What if the key to surviving the Arctic lay not in fortifying against nature but in mimicking it? The Magnetic Colony borrows its internal logic from the anatomy of a sponge: a porous, cellular structure perforated with transparent openings that pull natural light deep into a thermally insulated core. The result is a fully autonomous settlement concept where 1000 to 1200 people live, grow food, generate power, and manage water without relying on external supply chains.
Designed by Antony Melnikov, the project was shortlisted in the EHC - Arctic competition, which challenges designers to rethink human habitation in extreme polar environments. The proposal clusters three domed blocks into a single colony housing 3000 residential units, supported by wind generators, underground water boreholes, and hyperloop cargo transport. It is equal parts survival kit and spatial manifesto.
Four Zones Stacked Inside a Dome

The section drawing reveals how the colony organizes life vertically across four distinct zones. The first level is the Green Zone, where natural vegetation grows on soil heated by a substructure of regulated pipes. Above it sits an educational and administrative zone containing schools, libraries, and laboratories.
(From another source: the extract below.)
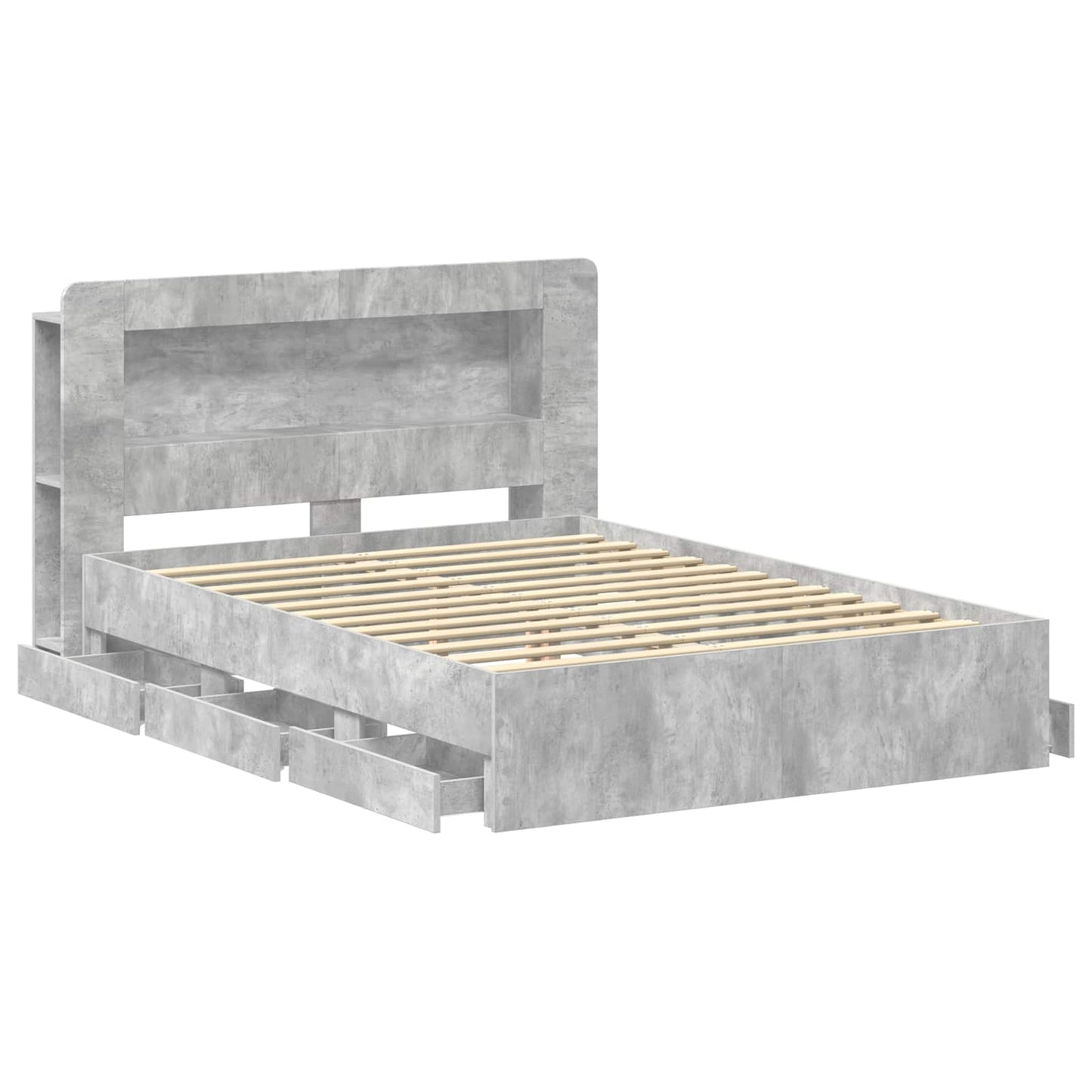 Bed Frame with Storage and Headboard Concrete Grey 150 x 200 cm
The upper floors combine residential, public, and operational functions in a mixed-use arrangement designed for flexibility. Seventy percent of the colony's volume is dedicated to residential use; the remaining thirty percent serves shared public functions.
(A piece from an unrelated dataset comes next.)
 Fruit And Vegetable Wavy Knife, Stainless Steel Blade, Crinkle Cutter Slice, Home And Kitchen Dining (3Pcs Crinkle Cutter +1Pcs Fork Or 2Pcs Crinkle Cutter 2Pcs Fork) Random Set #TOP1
Each of the 1600 modular units within a single block is organized to support localized public life while accommodating diverse uses. The spatial interlinking between levels is deliberate: it encourages social interaction and allows efficient energy distribution across the dome's height. The central dome's block structure mimics wool-based insulation, reducing heat loss, which is the dominant energy concern in any Arctic settlement.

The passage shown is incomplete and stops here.